As searchers spread out over rural Burnett County, Wis., looking for missing Keith Kennedy, one of the untold stories was the role that volunteer mountain bike patrollers played in the extensive operation. Those members of the National Mountain Bike Patrol (NMBP) were coordinated by the Backcountry Trail Patrol Association, an NMBP unit based in Isanti County's Bradford Township.
Eleven volunteer mountain bike patrollers from the MORC (Minnesota Off-Road Cyclists) Mountain Bike Patrol (Mpls.-St.Paul), the Barmy Dogs Mountain Bike Patrol (Spooner, WI), and the Backcountry Trail Patrol dropped what they were doing, left work, left other cycling events and rode to the call to search for someone who simply was not able to help himself. Those efforts paid off when Keith Kennedy was found alive on Sunday evening. Although none of the patrollers made the actual find, their hard work help enabled authorities to eliminate areas where Kennedy was not. The patrol members put in over 135 man-hours and covered over 250 miles of roads, foot and ATV trails, forest lanes, hunter tracks and game paths; checked scores of buildings, houses, barns, hunting shacks, tool sheds, and even outhouses and doghouses, since being were called out on Wednesday.

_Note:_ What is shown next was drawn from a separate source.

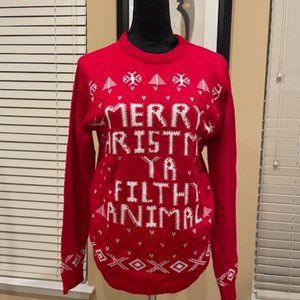 BooHoo Red Filthy Animal Christmas Sweater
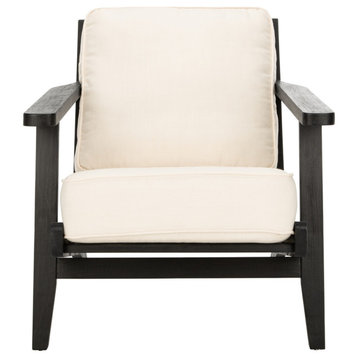 Safavieh Nico Mid Century Accent Chair, Bone/Black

The bike patrol search effort was coordinated by Backcountry Trail Patrol director Hans Erdman of rural Isanti. Erdman is a MN DOT certified Special-Needs Transportation driver-trainer and has worked extensively with autistic passengers. He is also a Minnesota DNR State Park Ranger, who has been involved in search and rescue operations as either a ranger and a volunteer since 1971.